Edited on Fri Aug-22-08 12:23 AM by swimmernsecretsea
At that time, she was very young, her skin clear as quartz, that Botticelli face moving subtly from impishness to an exposed, terrified agony. She was the heart of the film, mercurial and lovely, the strong center of an avant-garde art film that when she was on screen was incredibly hard not to look at. There's a scene she plays in a ruined, bombed-out building, where she sits forlornly, idly braiding her hair. She seems to stare at nothing, in shock from some terrible event we'll never know about. The camera stays on her for minutes. Her face cracks and what seems like a gravity of pain emerges. I've never forgotten her in that film, and at that moment became a fervent fan of Ms. Swinton.

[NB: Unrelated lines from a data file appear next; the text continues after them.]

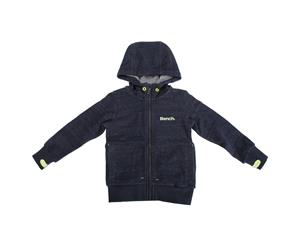 Bench Childrens/Boys Choose Zip Up Casual Hoodie With Contrast Logo (Navy) - F399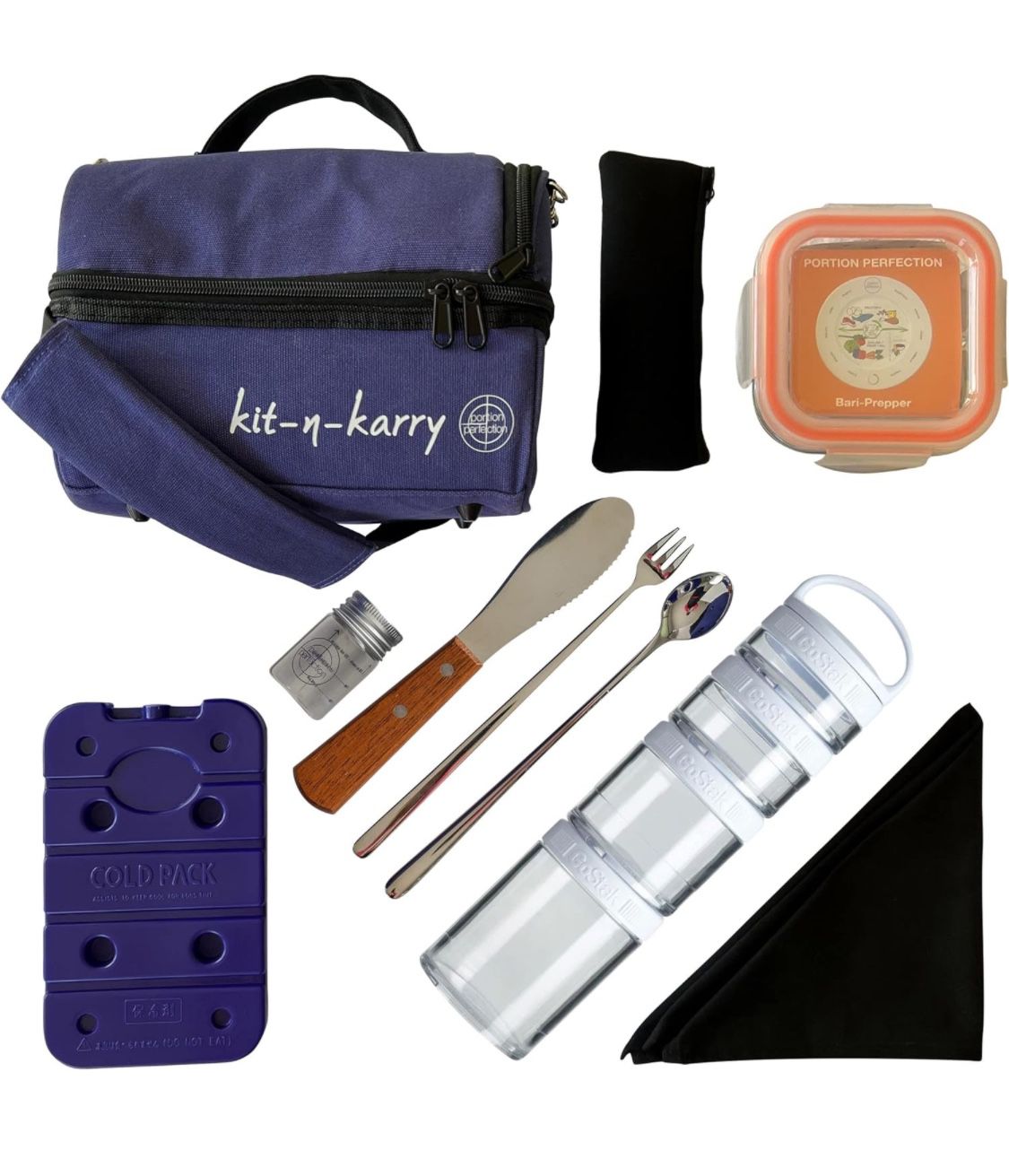 Portion Perfection Kit-N-Karry, Bariatric Surgery Lunch Bag Kit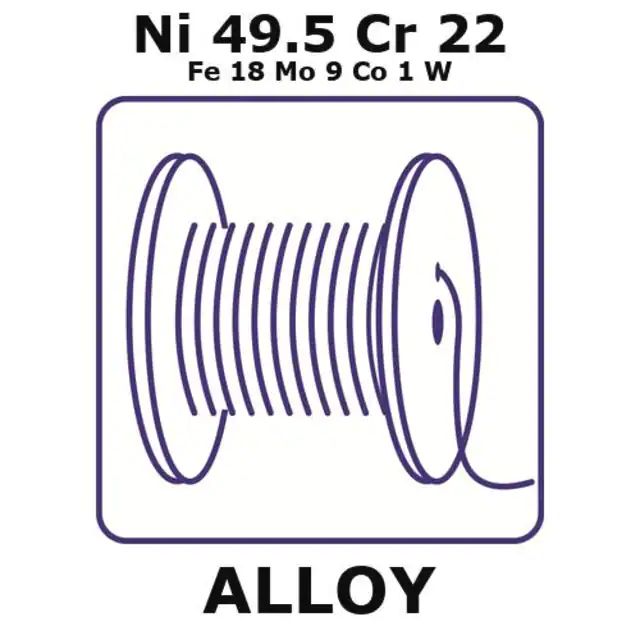 Hastelloy<sup>?</sup> X alloy, Ni49.5Cr22Fe18Mo9Co1W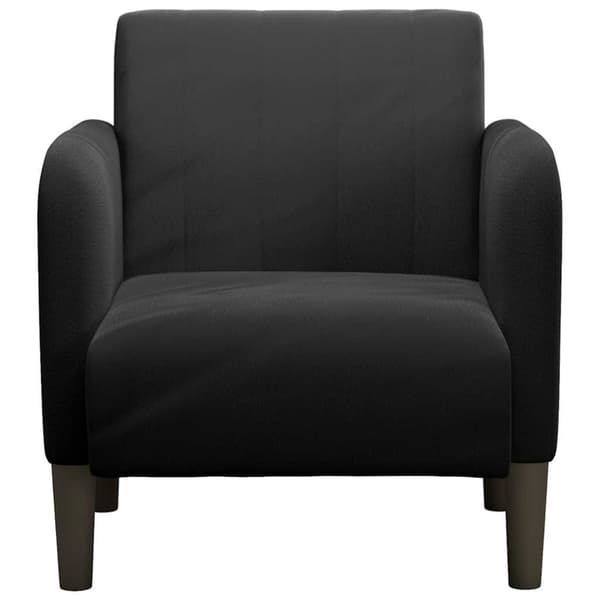 Soffstol med armstöd svart 54 cm sammet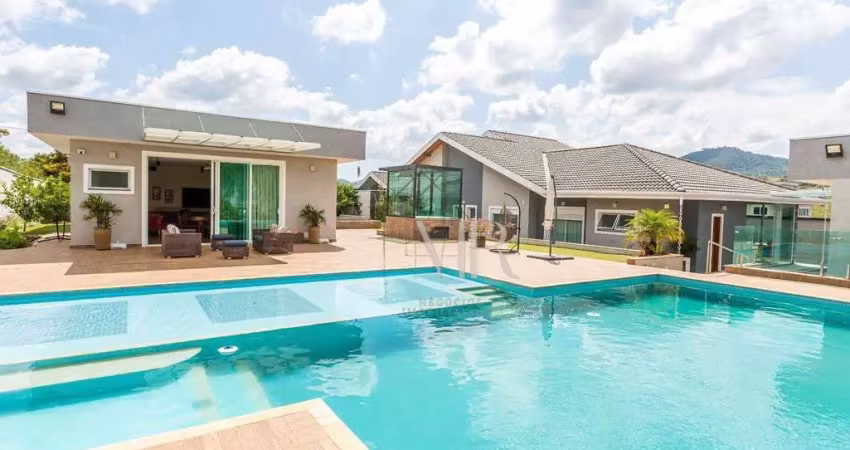 Casa com 3 dormitórios à venda, 467 m² por r$ 4.500.000,00 - figueira garden - atibaia/sp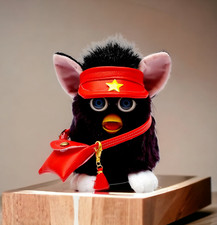 Custom Furby 1998 Witches Cat, vintage furby toy, furby custom, gift ideas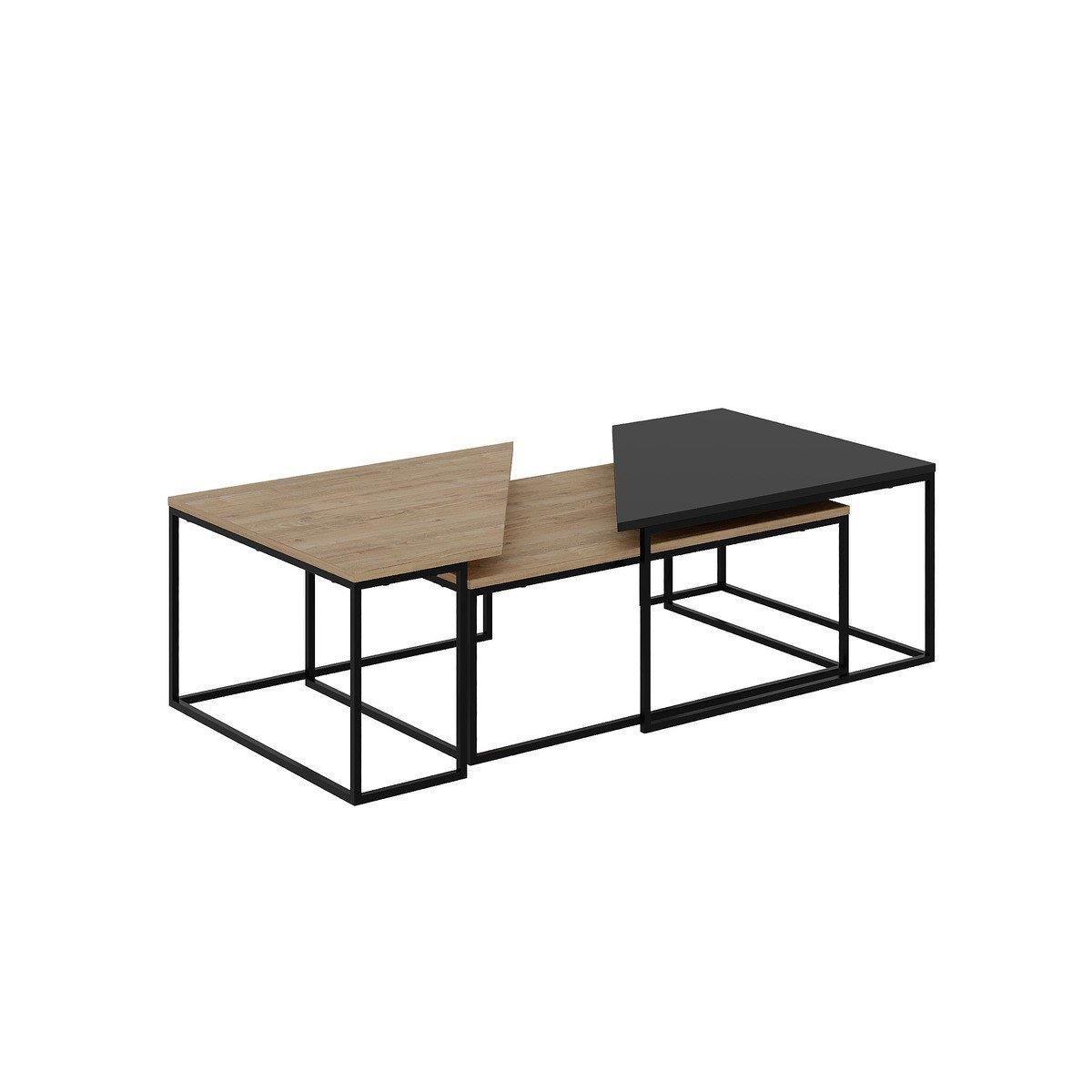 Calicosy - Salontafel TITAN- 110|96 cm - Zwart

She appeared in Derek Jarman's films often, his apparent muse. He was right to feature her so often. He was a great talent of course, but having her in his films grounded them. She was the pillar that held up his stories.

I loved that she had such unconventional looks. Those blonde, almost invisible lashes, that firm, set mouth that sometimes looked mean, her forward-jutting chin that could make her look masculine, and that fount of hair that went from bitter orange to spun glass to haystraws. It made her go from delicate and pretty to ugly, and she wasn't afraid of going to "ugly." In "Orlando," she tossed her short red hair into her eyes and looked schoolboy; in the second half of the movie, her discomfiture when she wore the grand pompadour in her life as a woman was hilarious, but then she grew into her natural beauty. I wonder if transgendered people thought of her when they felt themselves change under the pull of hormones introduced into their bodies, and their looks soften or roughen with their attitudes. I understood the emotions that trans people feel better through Tilda.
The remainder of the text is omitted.